A: Yes, as a tenancy at will. However, Florida’s Statute of Frauds law provides that a lease for longer than one year must be in writing to be enforceable. Nonetheless, an oral lease that is payable monthly is a month-to-month tenancy at will, and, thus, does not violate the Statute of Frauds if it continues in effect for more than a year.
Source: Fla. Stat. § 83.01 (2012), Mangum v. Susser, 764 So. 2d 653, 655 (Fla. 1st DCA 2000).
Q: What should be included in a written commercial lease?

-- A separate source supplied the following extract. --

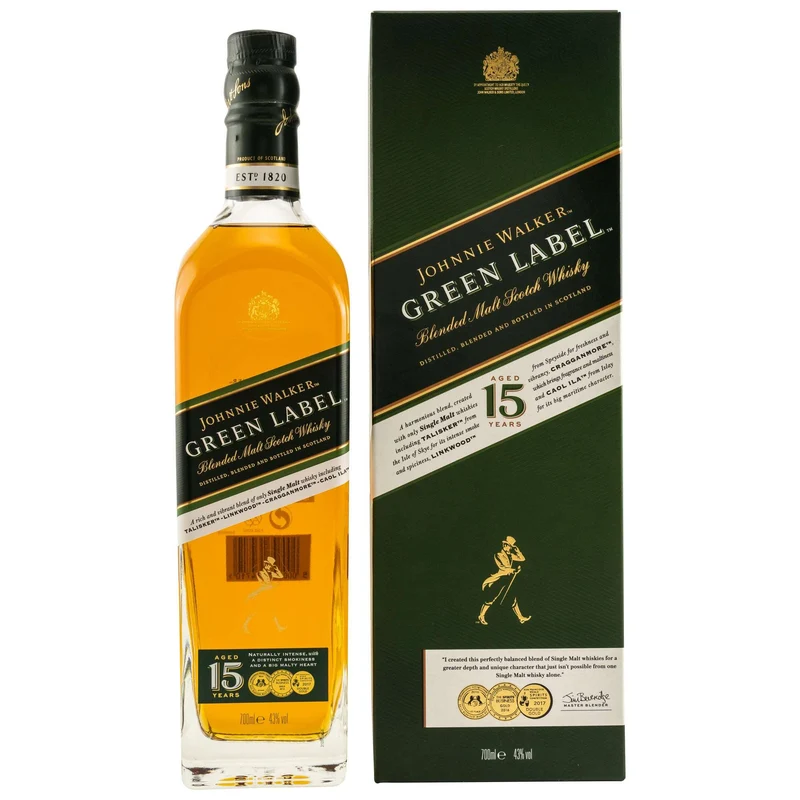 Johnnie Walker | 15 Jahre | Green Label | Blended Malt Scotch Whisky | 43%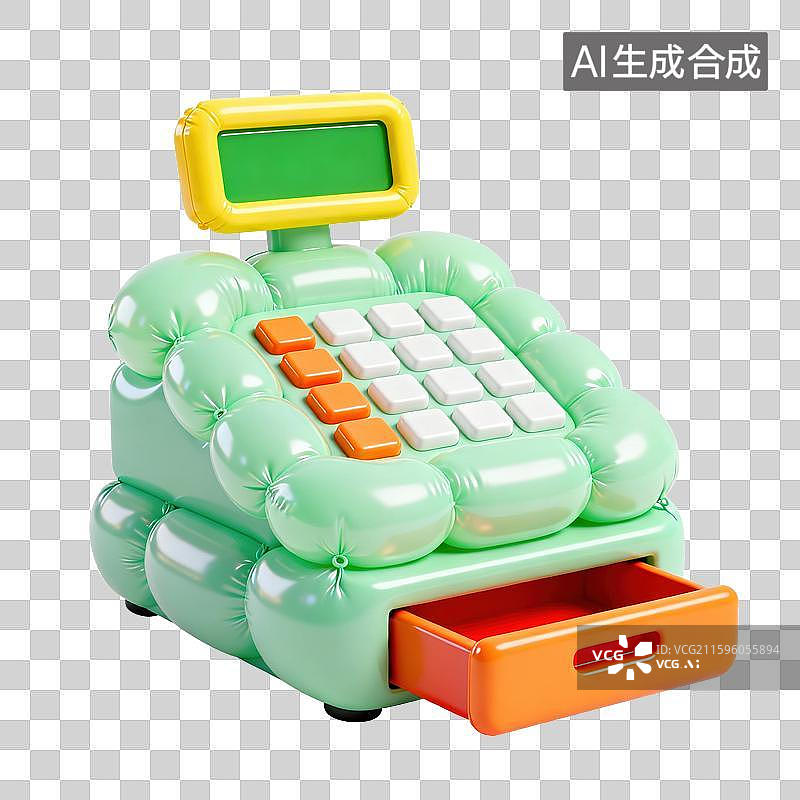 【AI数字艺术】3D三维膨胀气球风格收银机元素图片素材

A: First of all, a commercial lease should be written in plain and simple language, so all persons who are associated with the lease will understand the rights and obligations created by the lease. As to what should be included in a written commercial lease, it should include, at a minimum, the names of the parties, a specific description of the property, the term of the lease, a provision for rent payment, words of mutual agreement indicating the intent of both parties to create a lease contract, and the signatures of the parties. Further, a lease for more than one year should be signed in the presence of two subscribing witnesses. These witnesses do not need to be “disinterested,” meaning the witnesses may have some interest in the lease. For an extensive list of other subjects that should be considered when drafting a commercial lease see §8.02, Florida Commercial Landlord Tenant Law (Nicholas C. Glover, supplemented by Douglas MacGregor; LexisNexis Matthew Bender).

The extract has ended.